The answer to this question is that without a Financial Power of Attorney (FPOA), a court will typically appoint someone to act as your agent through a guardianship or conservatorship proceeding. This requires that a friend or family member file a petition with the local court seeking guardianship or conservatorship. This friend or family member will be required to gather and submit evidence that shows you have become incapacitated so the court may decide who should be appointed to manage your financial affairs.
Not surprisingly, this process imposes significant burdens on your loved ones, including the costs of hiring a lawyer or law firm, physicians, and possibly others to provide evidence as to your incapacity.

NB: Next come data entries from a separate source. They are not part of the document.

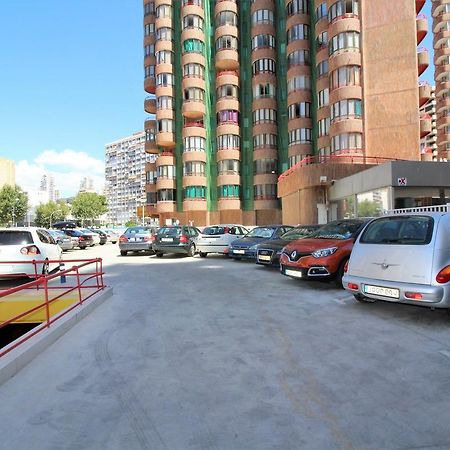 Coblanca 5 83 Lägenhet Benidorm Exteriör bild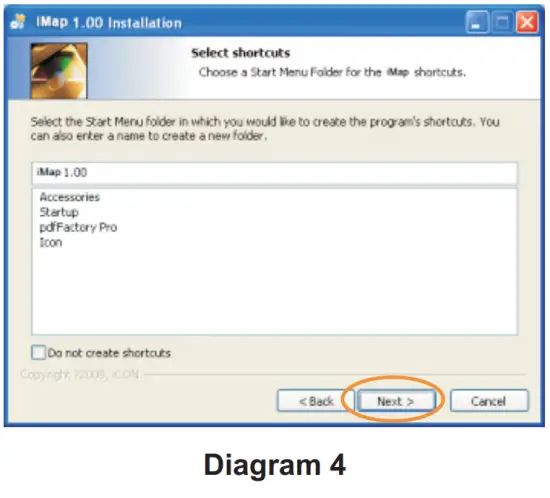 iCON i Controls Multi Controls with Joystick USB MIDI Controller - Diagram 1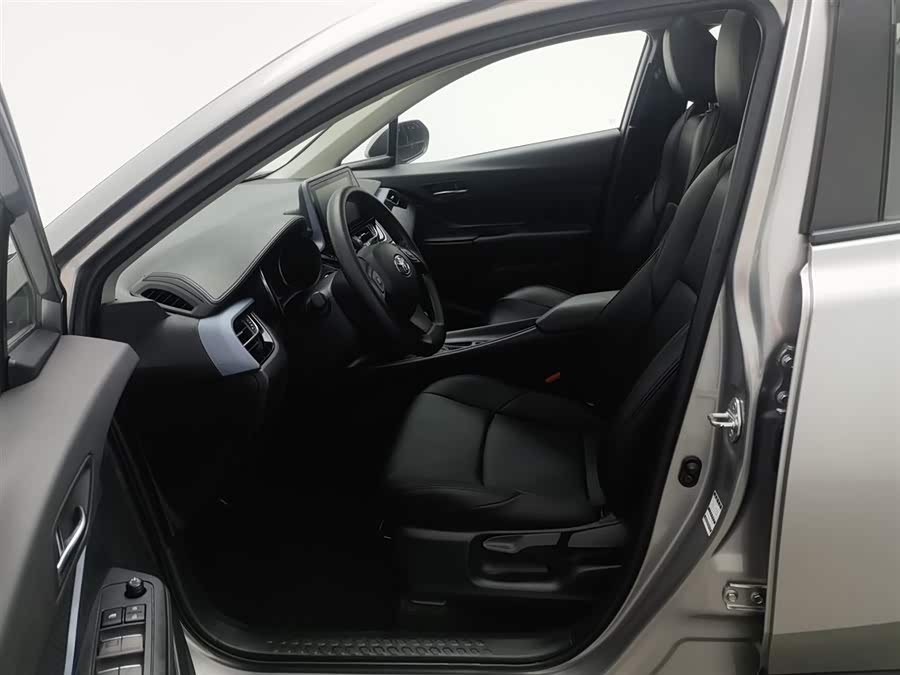 Toyota Izoa 2021 immagine di auto #11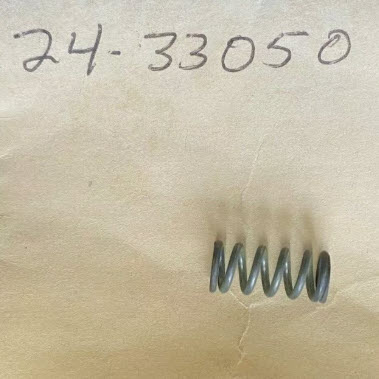 33050 - Spring, Idle Adjusting Needle, NLA(24-33050)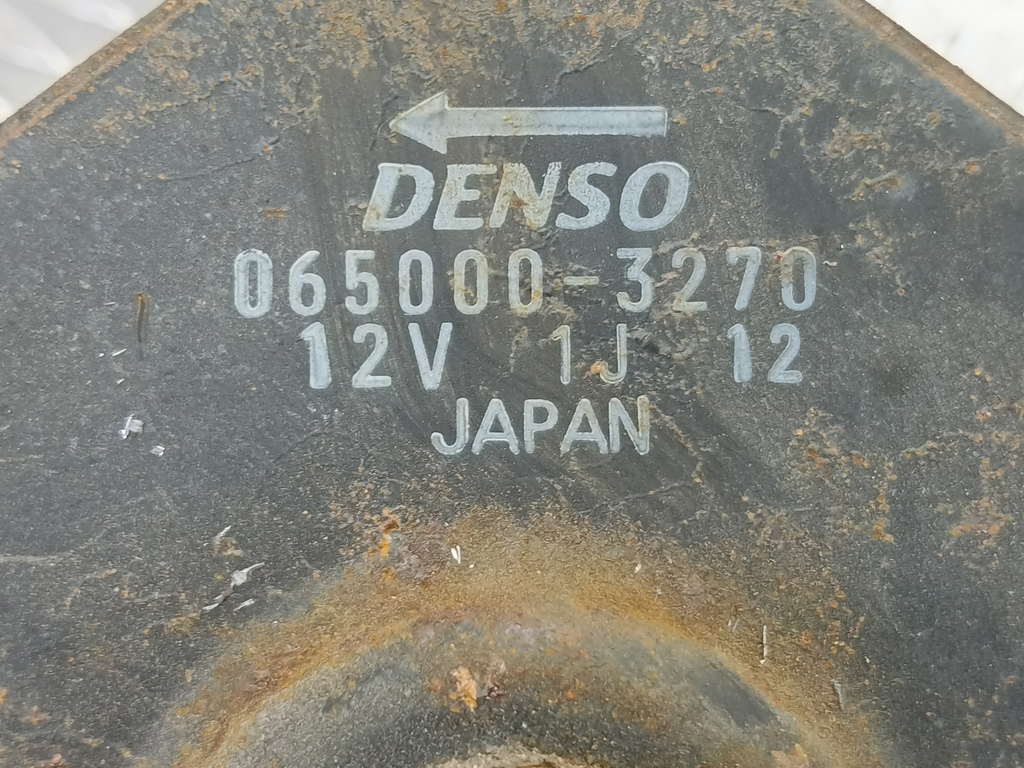 моторчик вентилятора HONDA CR-V  38616RZPG01, 6730 рублей, Москва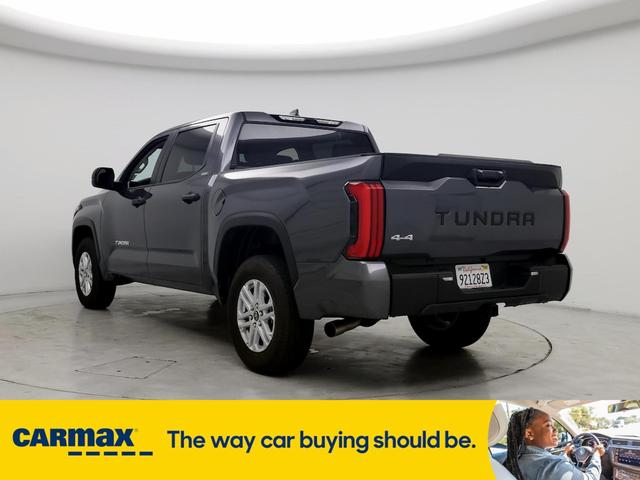 2024 toyota tundra sr5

It often results not only in emotional distress at a time when your loved ones are already dealing with your illness or injury, but also causes delays in having your affairs properly addressed. At the same time, you have no input on who will be appointed to serve as your agent.
What is the difference between a power of attorney and a durable power of attorney?
The terms “Statutory Durable Power of Attorney” and “Financial Power of Attorney” are often used interchangeably in many jurisdictions, but it’s essential to understand their meanings and implications. It’s important to understand the differences between them, however, in order to make the right decision for your particular circumstances.
A Durable Power of Attorney can be a general document, granting the agent broad authority over financial and legal matters, or it can be limited, conferring specific powers for particular transactions or periods. Unlike the Statutory Durable Power of Attorney, a Durable Power of Attorney does not necessarily need to be created based on statutory guidelines, though it must still comply with the relevant laws and requirements of the jurisdiction in which it is executed.
According to Section 751.00201 of the Texas Estates Code, a person is considered to be “incapacitated” for the purposes of a durable power of attorney if a doctor’s examination finds that they are not able to manage their own finances. The doctor must provide a written statement certifying this finding of incapacity.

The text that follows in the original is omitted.